Bei Dressurwettbewerben kann man Stecknadeln fallen hören, beim Springreiten gibt es schon einmal Szenenapplaus, und beim Fahrsport brennt die Luft. In der großen Halle des Reit- und Fahrvereins St. Georg gab es beim 2. Oberurseler Hallencup keinen freien Platz mehr auf der Tribüne – und für die Zuschauer kein Halten mehr. Der Gastgeberverein, der keine Teilnehmer ins Rennen geschickt und sich aufs Organisieren beschränkt hatte, zählt zu den wenigen Reitvereinen, die das „F“ für Fahren noch zu Recht im Namen tragen.

Der RuF hatte sich mit dem Oberurseler Uwe Fuchs wieder einen Profi im Organisieren von Kutschturnieren und Parcourschef ins Boot geholt. Es gab fünf reguläre Prüfungen, alles kombinierte Hindernisfahrten mit Geländehindernissen für Ein- und Zweispänner für Ponys und Großpferde. Mit der fünften Prüfung wurde quasi Geschichte geschrieben: Kutschen-Biathlon, das gab’s zumindest in Deutschland noch nie. Acht Zweispänner waren am Start, wobei den Teams Freiwillige aus dem Publikum zugeordnet wurden. Wie beim Staffellauf musste der Fahrer nach Absolvieren des Parcours dem Helfer einen Klaps geben, der spurtete dann durch die Halle, hüpfte bäuchlings auf einen Biertisch, nahm das Laserpointer-Gewehr zur Hand und versuchte, wie beim Biathlon, fünf Scheiben zu treffen. Der Sieg ging an das Team Monika Prinz (PUK Schönbach) mit Miranda und Wups.

Spektakulär war auch das abschließende Vierspännerfahren mit Ponys: Vier Gespanne waren in zwei Umläufen am Start.
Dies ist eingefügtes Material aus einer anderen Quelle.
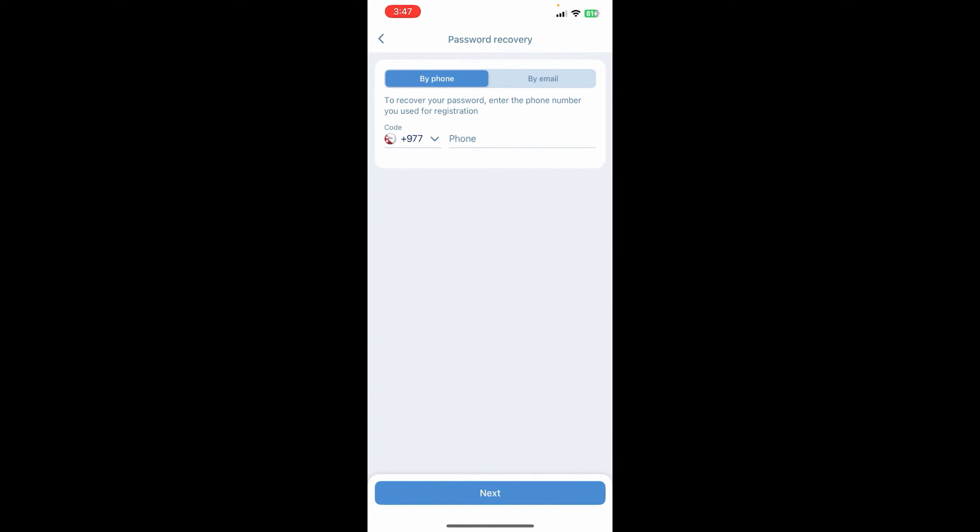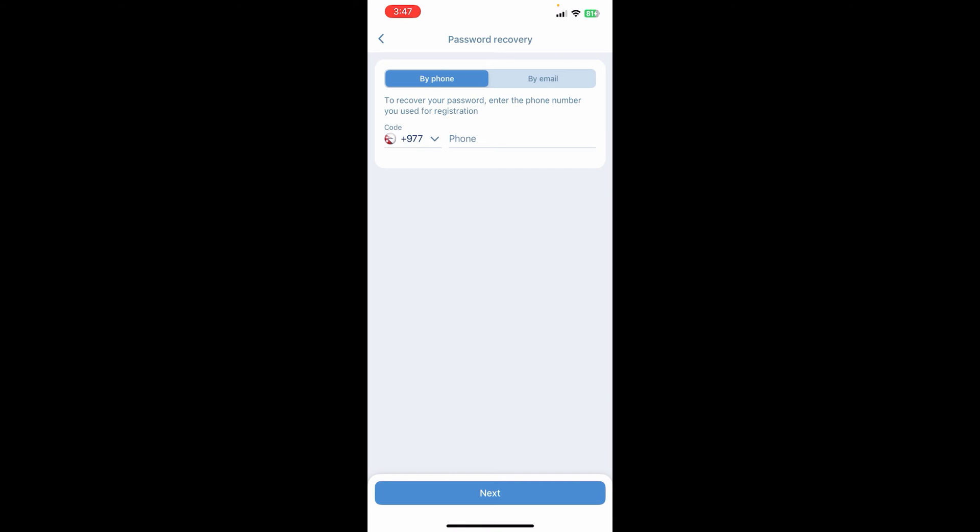You'll be able to see the password recovery section where it is asking for your phone number or email address. You can choose either of them. Once you provide your credentials, click next and verify your phone number or email address, and you'll be able to reset your password successfully.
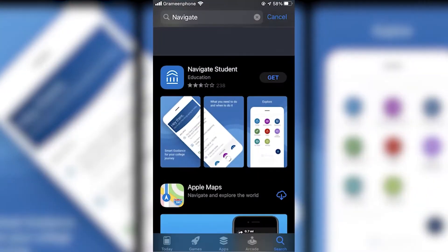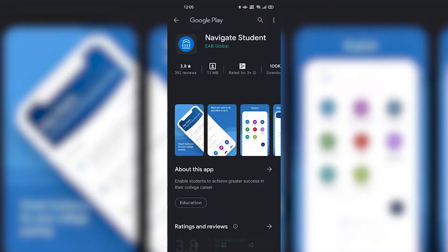Immigration advisors at the Internationalization Office advise on issues related to your temporary residence. To connect with an advisor, you can book an appointment for a virtual one-on-one consultation. Download Navigate for Students in the Apple App Store or Google Play by searching for Navigate Students.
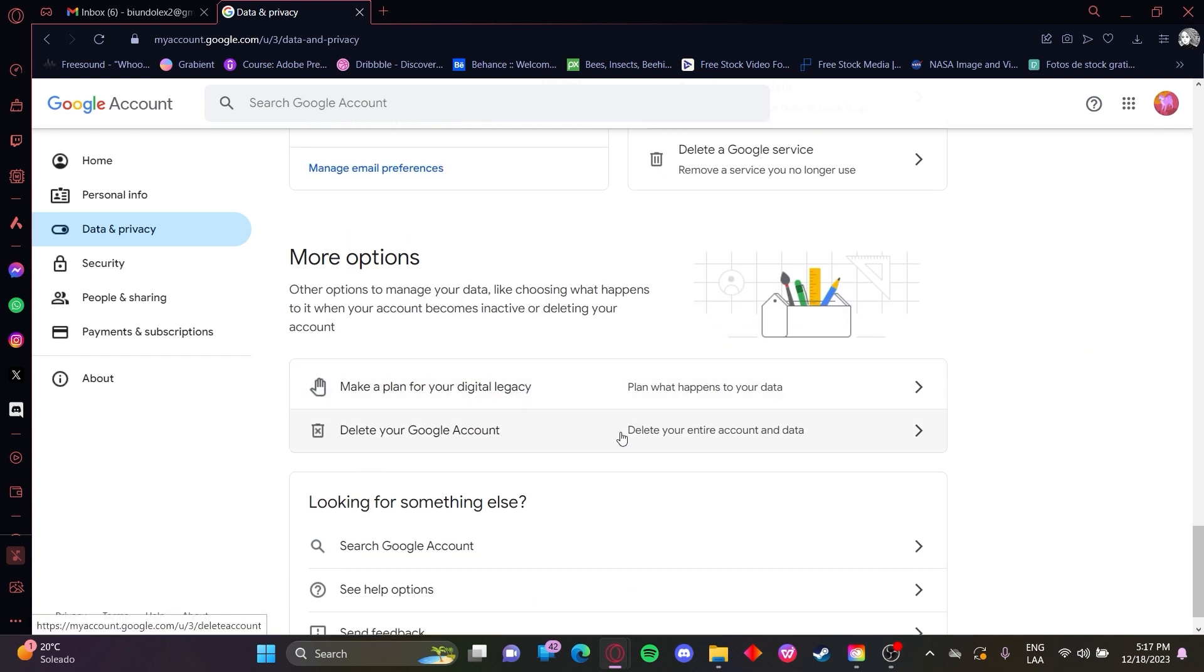Which says delete your Google account. You'll be clicking here delete your entire account and data.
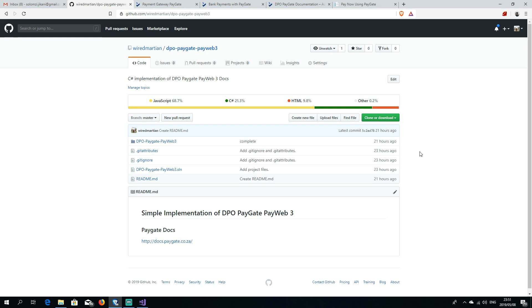These videos will be on specific things — how to implement payments, how to implement documentation for a library or a feature — just small focused things. I'm starting off with PayGate.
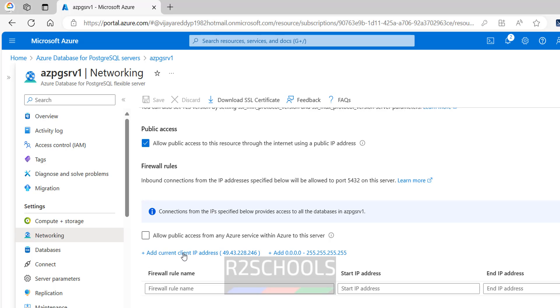Click on add current client IP, or you can give them manually. See this is my current IP, but for other users you have to provide their IP address.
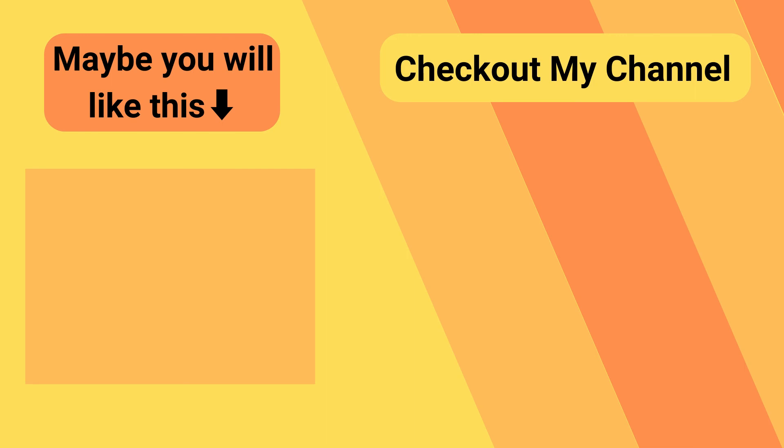And that is it for episode one. In part two, we are going to program the action of the enemy when it detects the player, so it can start chasing the player or shoot the player. I'll see you guys in the next episode. Bye.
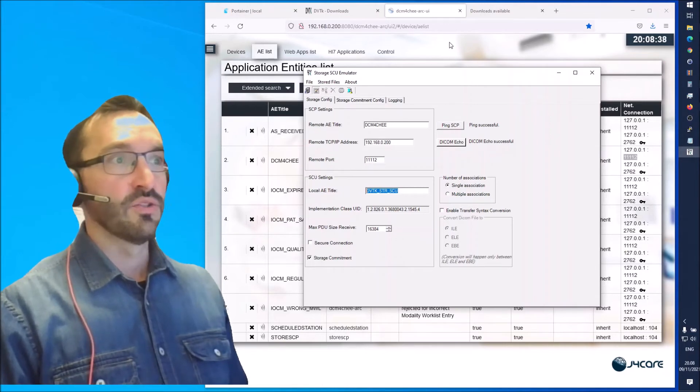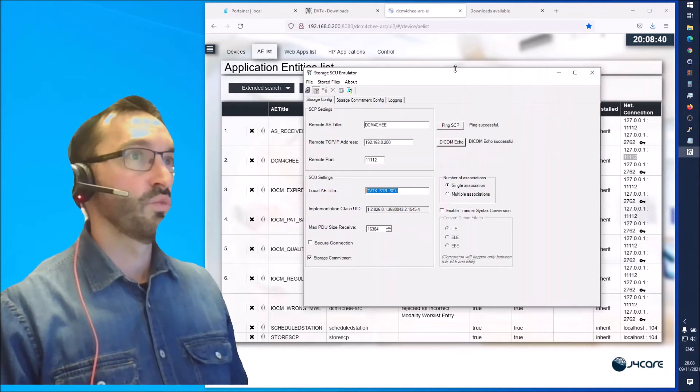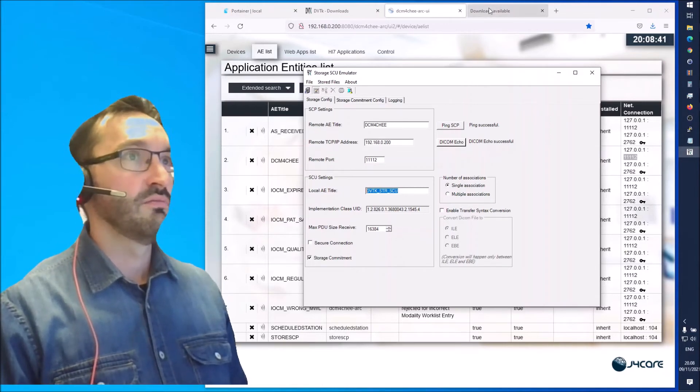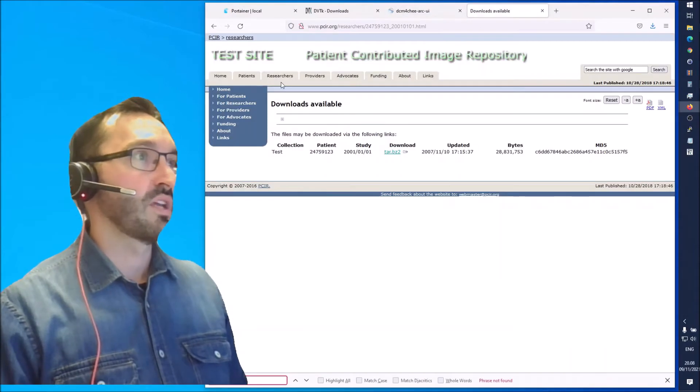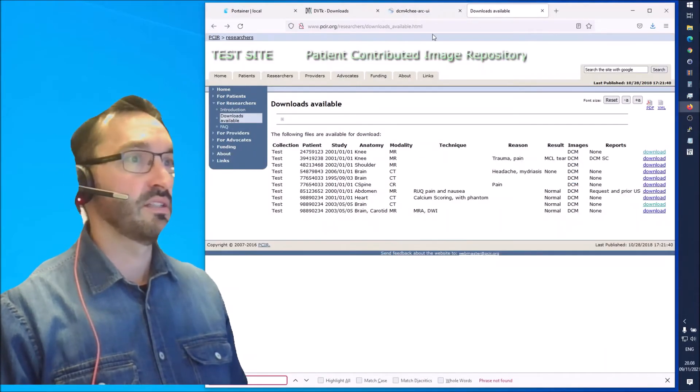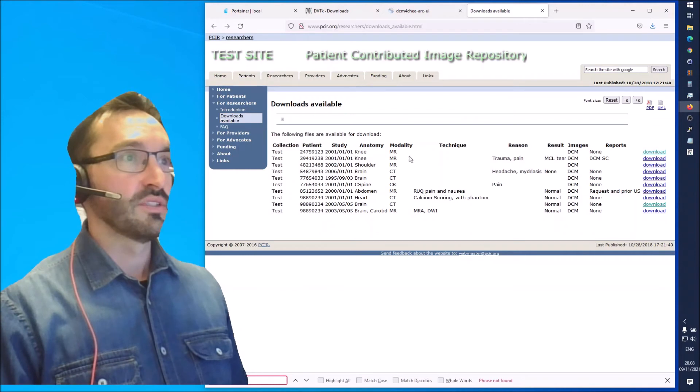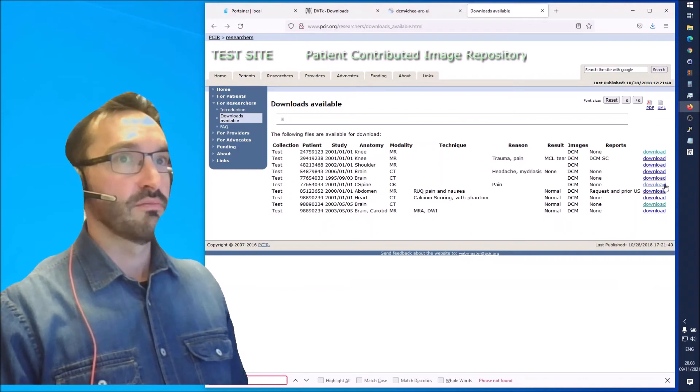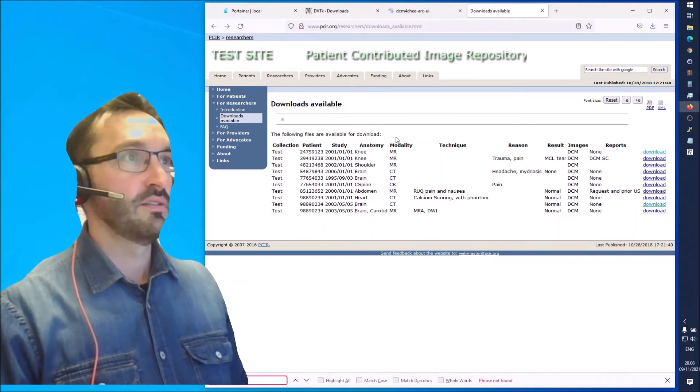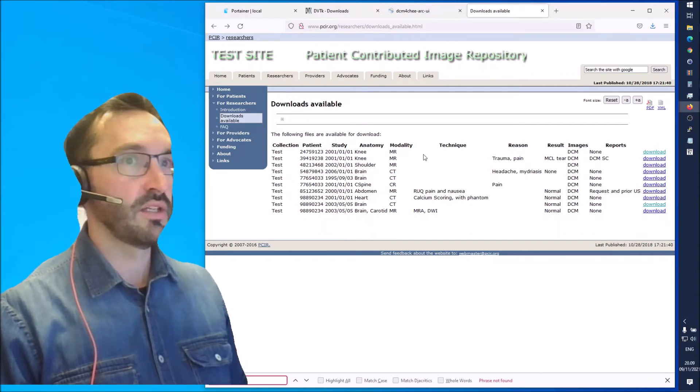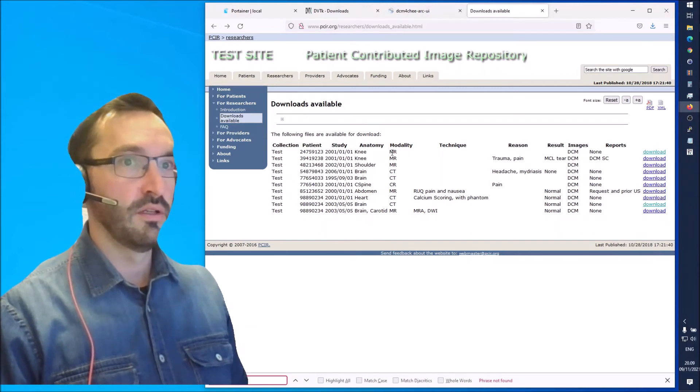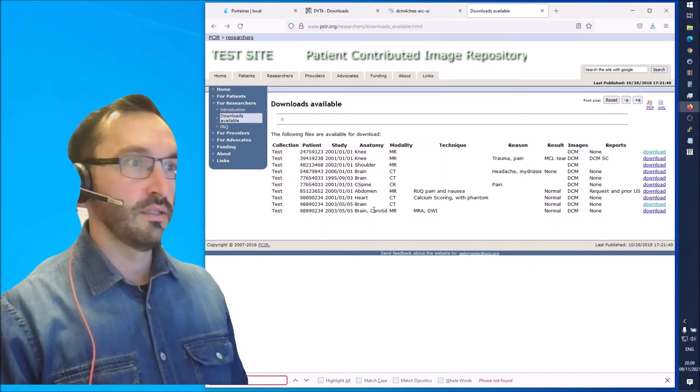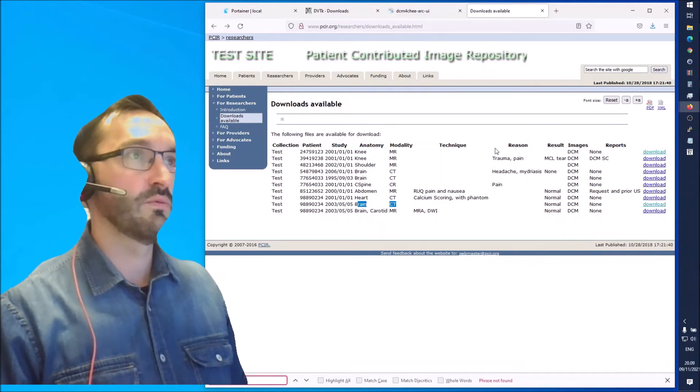In order to send the DICOM study we need to download a DICOM study. You can go for example to this site to find some DICOM studies which somebody has provided here. I'll leave a link in the description. I downloaded a couple of ones: the MR and this Brain CT.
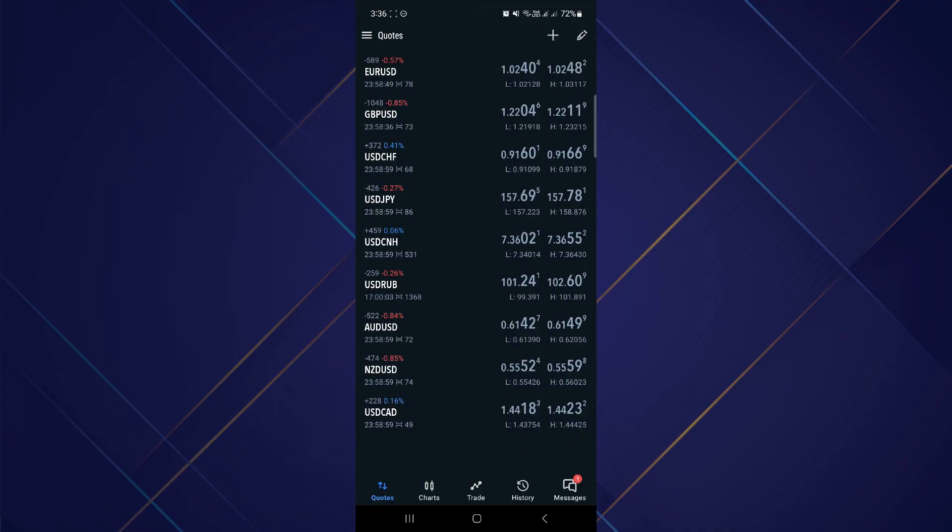And that's how you can get rid of quotes on MetaTrader 5. That's it for this video, and I hope you guys find the video helpful. Thanks.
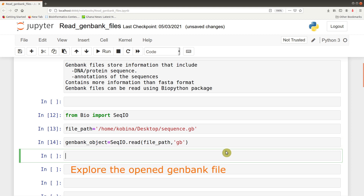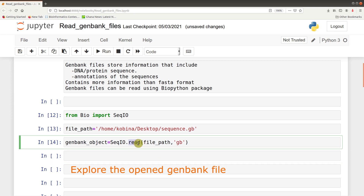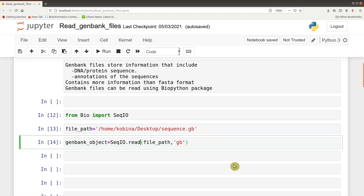Now that we have the object read, it's time to explore. We are using .read because GenBank files usually contain one record. If it's multiple records, we use .parse instead, but that will be for another video.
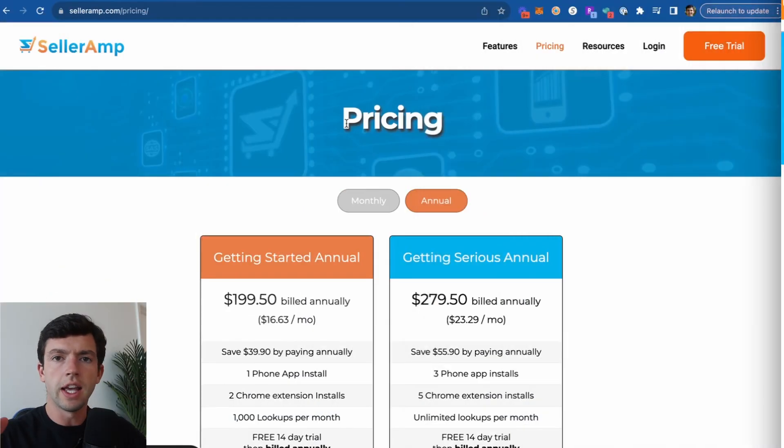And if you're new to our channel, welcome, we're SellerAmp. We're an Amazon online retail and wholesale arbitrage product research tool for Amazon sellers to help you save time and money and find more profitable products. Let's get right into the full tutorial.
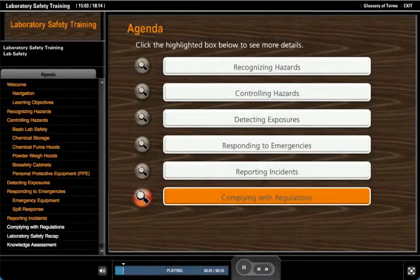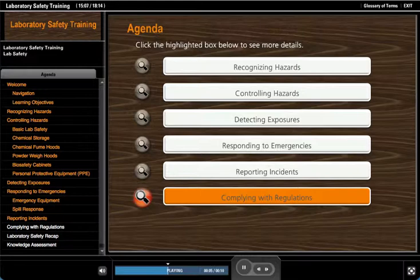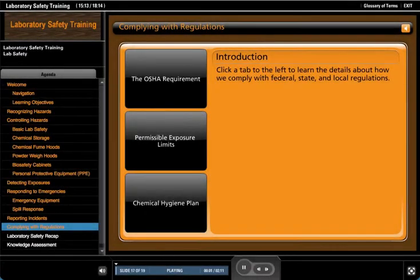The last section of this program reviews how we comply with regulations. Click the highlighted complying with regulations tab to advance. Click a tab to the left to learn the details about how we comply with federal, state, and local regulations.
Sieger wurde Sven Böcking (RFV Driedorf), der mit Ben, Betty, Hermine und Hesa offenbar genau das richtige Quartett an den Leinen hatte, sich nach 90,27 Sekunden im ersten Umlauf im Finale noch einmal knapp drei Sekunden abnahm und nach 87,53 Sekunden ins Ziel kam.

Der Beifahrer sagt an

Beim kombinierten Hindernisfahren sind nicht nur feste Hindernisse mehrfach zu durchfahren, sondern auch Kegelpaare, deren Abstand je nach Leistungsklasse etwa 20 bis 50 Zentimeter weiter ist als die Wagenspur. Der Beifahrer (Groom) ist nicht nur Ballast, er stabilisiert in schnellen Kurven die Kutsche durch Gewichtsverlagerung und sagt dem Fahrer häufig laut rufend die Linienführung beziehungsweise den Weg durch die Hindernisse an. Legt er sich auf die falsche Seite, kann das, wie im Vorjahr geschehen, die Fuhre zum Umkippen bringen. Hängt er sich auf der richtigen Seite zu weit aus dem Fenster, kann er unterwegs verloren gehen, was, wie jüngst einmal geschehen, zum Ausscheiden des Teams führt.